Folly and Landscape, the first exhibition in Scotland by Andy Holden, reflects strands of his practice through recent and new works. The central part of the exhibition focuses on Rockall, a small islet in the North Atlantic that some consider the most remote rock in any of the oceans of the world. As Holden’s exhibition makes clear, this remoteness does not make the rock devoid of information. Bastion of Empire/ Heap of Language/An Exercise in Simultaneity (2013), for example, overlays recorded readings about aspects of Rockall’s geological, political and biological characteristics. As with Robert Smithson’s A Heap of Language (1966) – albeit through cacophonous audio rather than writing – this work makes language impenetrable through accretion.

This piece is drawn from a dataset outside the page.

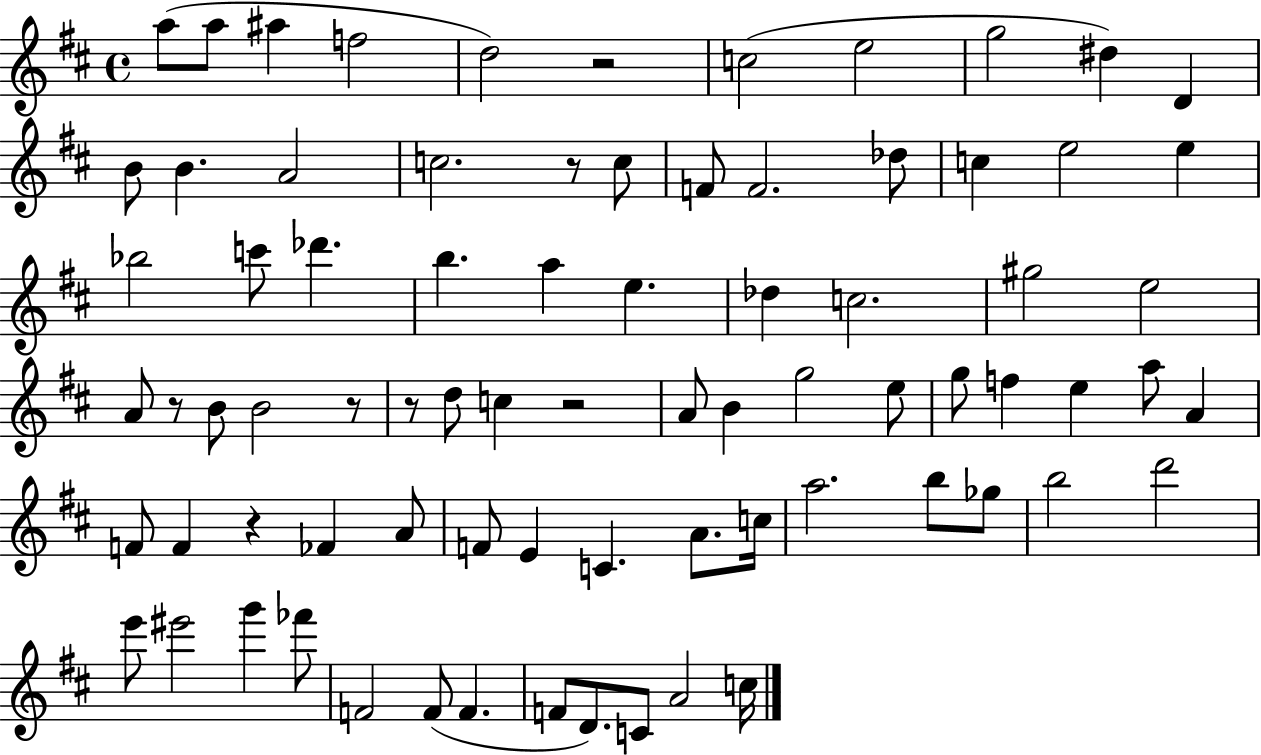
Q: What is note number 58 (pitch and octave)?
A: B5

‘Lack of communicability’ mixes with the knowledge that only a few adventurous people have ever landed on Rockall and evokes Walter Benjamin’s reflections on the decline of storytelling in his ‘The Storyteller’ (1936): ‘The intelligence that came from afar – whether the spatial kind from foreign countries or the temporal kind of tradition – possessed an authority which gave it validity, even when it was not subject to verification. Information, however, lays claim to prompt verifiability.’ Although I don’t see Holden as a storyteller as such, there is a romantic strand to his work that alludes, in an era of rapid access to information, to ‘intelligence from afar’. Layered coloured plaster sculptures, Slices (2013) and the colourful Bastion of Empire paintings (2012) are also included in the Rockall ‘section’. Reading the paintings as commentary on the multiple international claims on the islet would render them as twee as their genre, but reading them as allusions to ‘intelligence from afar’ sees them hold out for something more ethereal and resistant to closure.

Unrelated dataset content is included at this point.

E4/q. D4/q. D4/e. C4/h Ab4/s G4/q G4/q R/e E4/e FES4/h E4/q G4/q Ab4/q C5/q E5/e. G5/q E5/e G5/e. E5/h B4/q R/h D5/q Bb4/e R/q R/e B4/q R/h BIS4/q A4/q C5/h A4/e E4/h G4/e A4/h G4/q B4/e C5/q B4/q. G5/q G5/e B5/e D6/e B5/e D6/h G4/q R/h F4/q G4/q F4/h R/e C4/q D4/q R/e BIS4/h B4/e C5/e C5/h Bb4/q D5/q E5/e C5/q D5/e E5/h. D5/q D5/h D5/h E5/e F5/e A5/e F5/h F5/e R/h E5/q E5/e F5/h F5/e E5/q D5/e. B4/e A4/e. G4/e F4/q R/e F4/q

Studies for Boulder in Landscape (2009–12) is a series of kitsch landscape paintings with the buoyant, giant ‘boulders’ painted in. Hung so as to face out into the street, they play against commercial galleries selling populist images: they are whimsical but little more. Boulder Films (2008–11), on the other hand, do succeed in doing more to ignite Holden’s original sculptural work, large, relatively rough-hewn wooden orbs planted in some innocuous rural or urban setting. The films, shot with a handheld camera, feature shaky car drives out to the ‘boulders’, the background roar of wind, enthusiastic zooms and occasional scenes of people having fires or raving in the street in front of the somewhat incongruous objects. The pacing is slow in places and there is occasional musical accompaniment leading to more reflective engagement. And this conspires to give the work time to grow in the imagination, to take on a kind of mythical, distant weight. With this you catch sight of an interesting thread. But Folly and Landscape (which also includes a lecture by the artist with his father, renowned ornithologist Peter Holden, about nestmaking) ultimately presents too many avenues that don’t quite come together.